↓

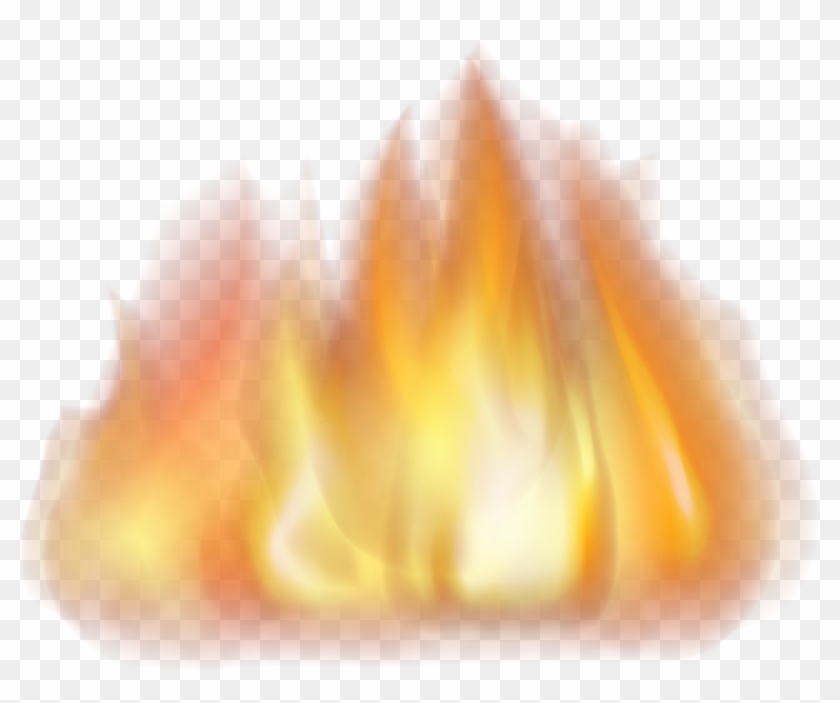 Fireplace Png Clipart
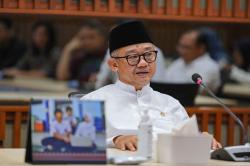 Megawati Sebut Banyak Anak Muda Tak Tahu Sejarah, Mendikdasmen: Ada Gejala Seperti Itu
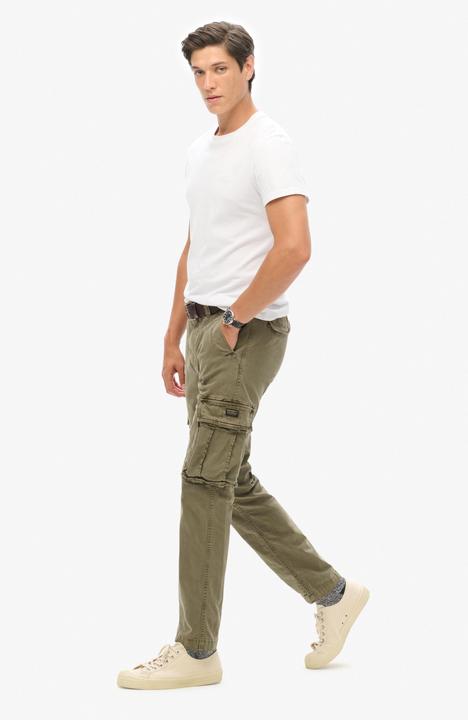 Produktbild Superdry cargo-hose core (W31/L32)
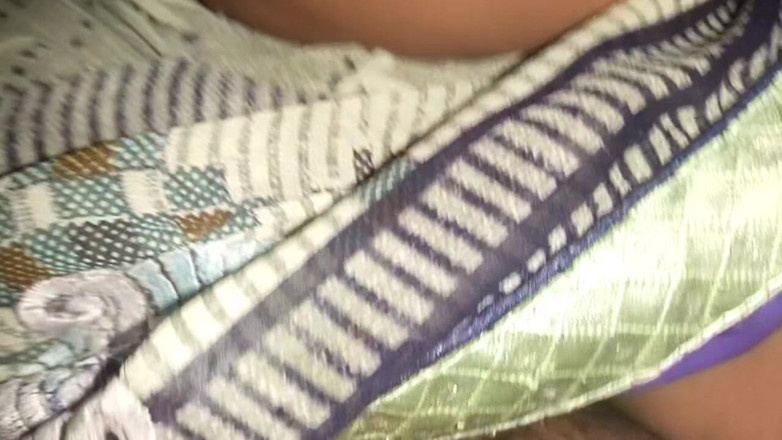 hotsimran70: Deshi สาวอินเดียโดนเย็ดตูดครั้งแรก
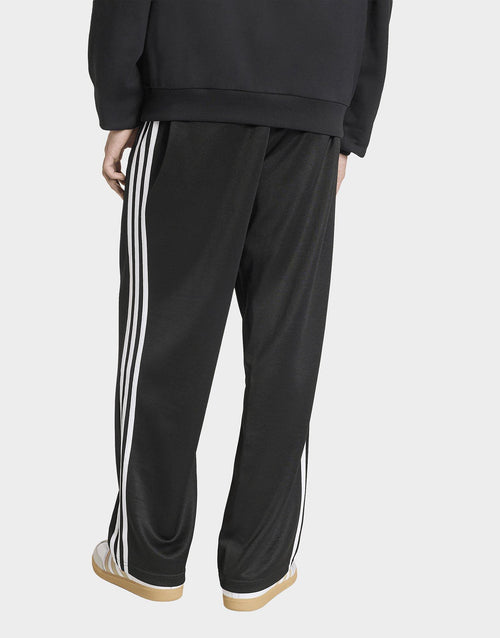 ADICOLOR LOOSE TRACKPANTS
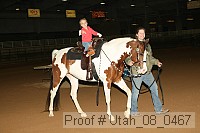 utah_08_0467 proof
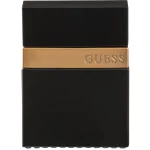guess-seductive-noir-for-men-e-slOcFYIO-0.webp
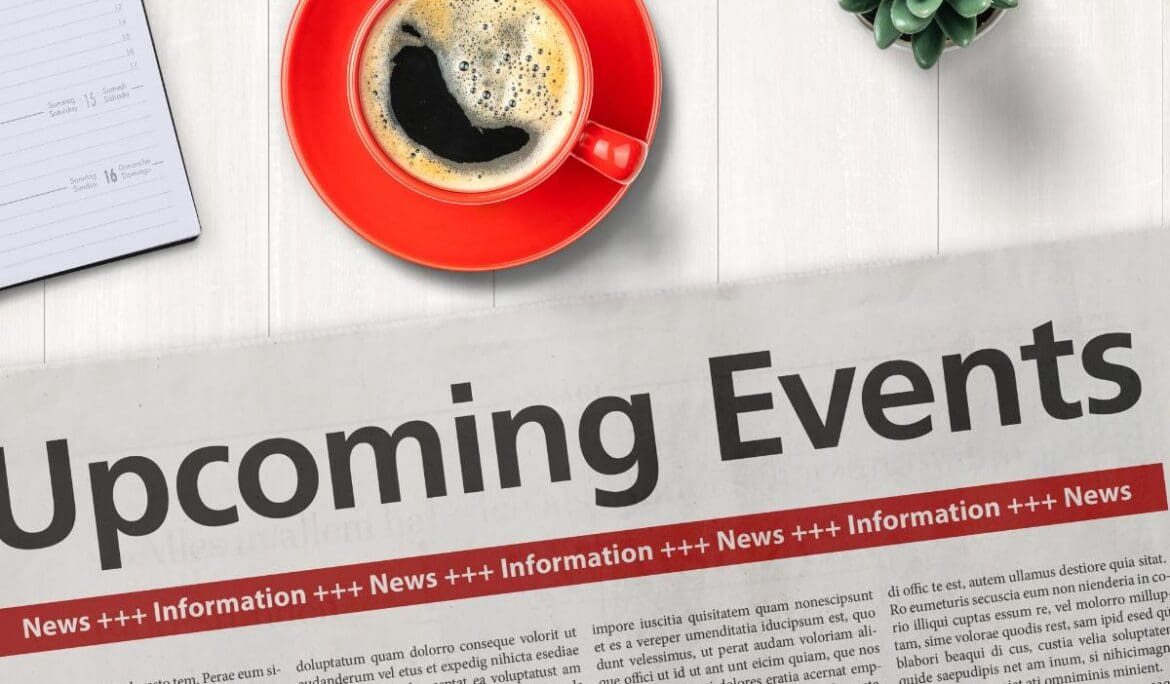 FASA Events an opportunity to grow your network in franchising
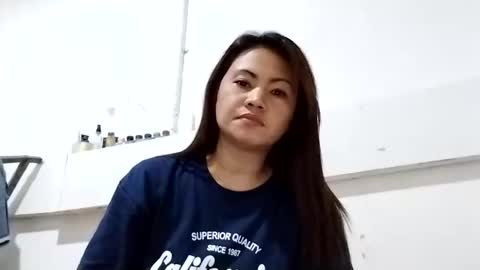 Snapshot of sugar__19 chatting on 10, 9, 2025 sugar__19 online show from 10, 9, 2025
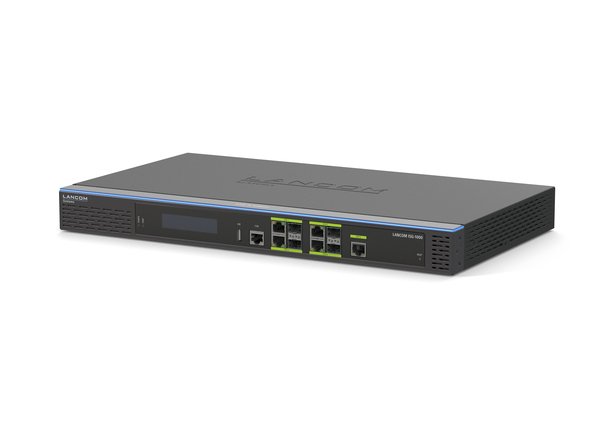 ISG-1000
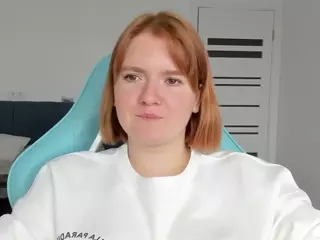 Svekolnaya's Live Sex Cam Show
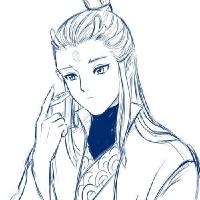 书香伴成长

↑

WORK ORDER |
Omitting the images, output each record precisely as written.

SOLUTION TO THE EXERCISE |
 Fireplace Png Clipart
 Megawati Sebut Banyak Anak Muda Tak Tahu Sejarah, Mendikdasmen: Ada Gejala Seperti Itu
 Produktbild Superdry cargo-hose core (W31/L32)
 hotsimran70: Deshi สาวอินเดียโดนเย็ดตูดครั้งแรก
 ADICOLOR LOOSE TRACKPANTS
 utah_08_0467 proof
guess-seductive-noir-for-men-e-slOcFYIO-0.webp
 FASA Events an opportunity to grow your network in franchising
 Snapshot of sugar__19 chatting on 10, 9, 2025 sugar__19 online show from 10, 9, 2025
 ISG-1000
 Svekolnaya's Live Sex Cam Show
 书香伴成长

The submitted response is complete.